__Instructions to follow__. Reproduce word for word every line from the one containing "Earth Day. Cutted" through the end of the listing below; omit the pictures.

__Available data__.
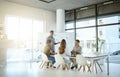 Group of diverse businesspeople having a meeting in an office at work. Young african american businessman talking while Royalty Free Stock Photo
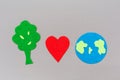 Earth Day. Cutted out of felt soil with a, heart and the planet earth. Gray background. Flat lay. Copy space. The concept of Royalty Free Stock Photo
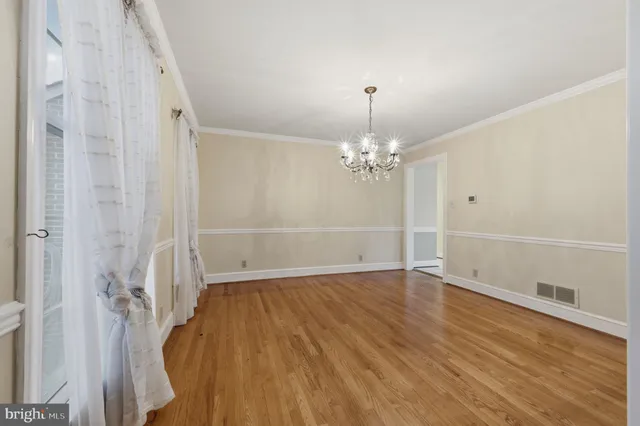 a view of a room with wooden floor and ceiling fan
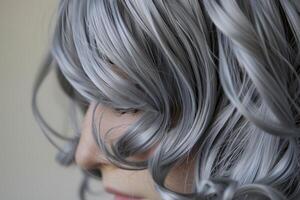 Woman showing her beautiful long gray hair photo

__Reply to the task__.
 Earth Day. Cutted out of felt soil with a, heart and the planet earth. Gray background. Flat lay. Copy space. The concept of Royalty Free Stock Photo
 a view of a room with wooden floor and ceiling fan
 Woman showing her beautiful long gray hair photo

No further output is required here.